Hi Cody...it’s me, it’s Renee.
Cody smiled. Renee always made him feel better.
Um...I know this is weird, leaving a message like this on your cell phone, but I’m just going to say it.
There was a brief pause.
Okay...uh...this isn’t working anymore.
Cody stopped smiling and started to sweat. It was too hot in the airplane.
I’m done being second best to your job. I hate waiting for you. The thing at the museum wasn’t just a thing. It was me...I was going to propose to you. I wanted to get married to you!
Cody stood perfectly still, only hearing the voice on the phone that was breaking his heart and turning his mind into chaos.
I’ve changed my mind. I’m sorry. Phone me when you get back, I know I still have all of your movies...at my house...sorry, that sounded stupid...um...so...yeah. That’s all. Call me when you get back. Okay. Bye.

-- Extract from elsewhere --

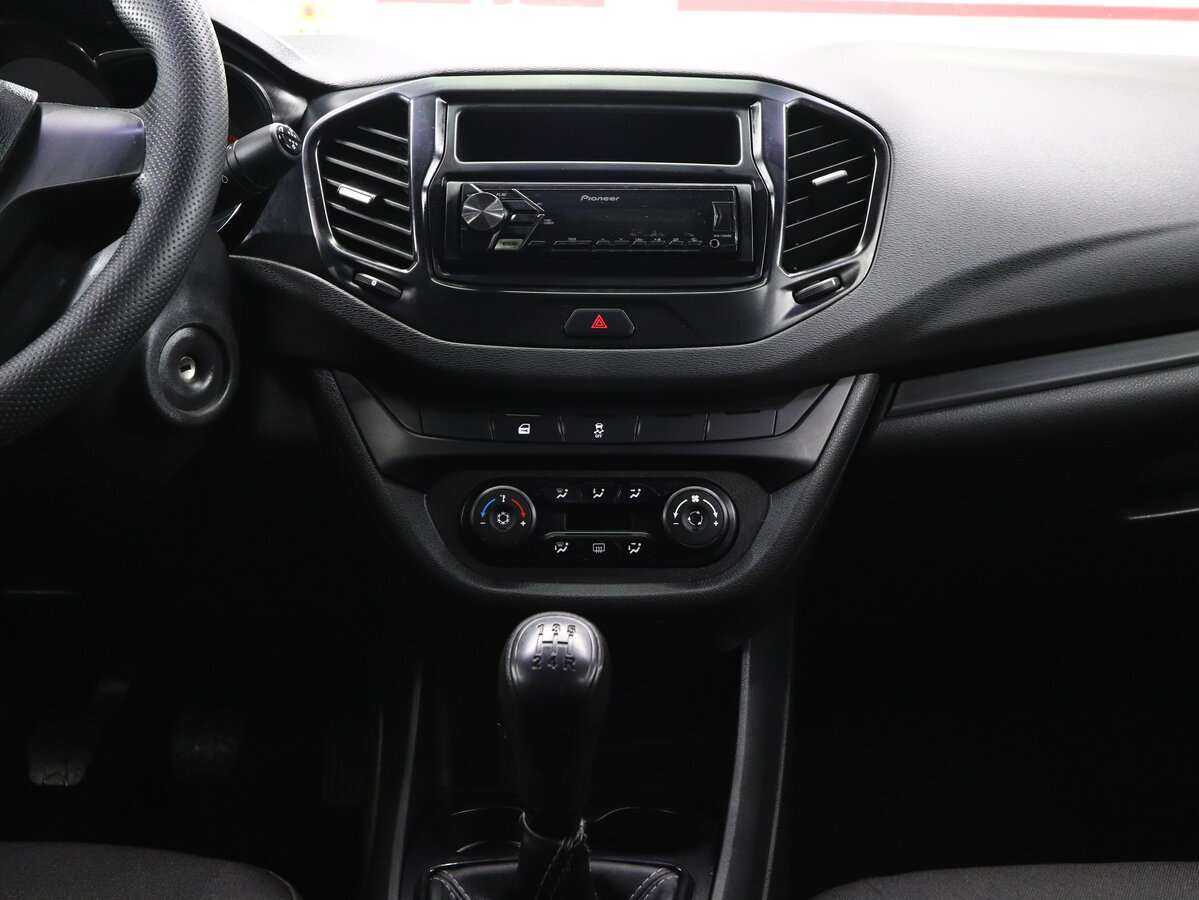 Lada (ВАЗ) Vesta с пробегом — 2018 год. Фото: #14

The aisle was clear enough for Cody to exit the plane without bumping into anybody after he hung up. He walked to the front door, where Mark the flight attendant was waiting.
“Bienvenidos a Argentina!” He said to Cody, smiling.
Cody gave a cursory nod and exited the plane. He walked halfway through the terminal before realizing he had forgotten his carry-on bag under the seat. He stood, thinking about it for a moment, and then walked outside into the sunshine.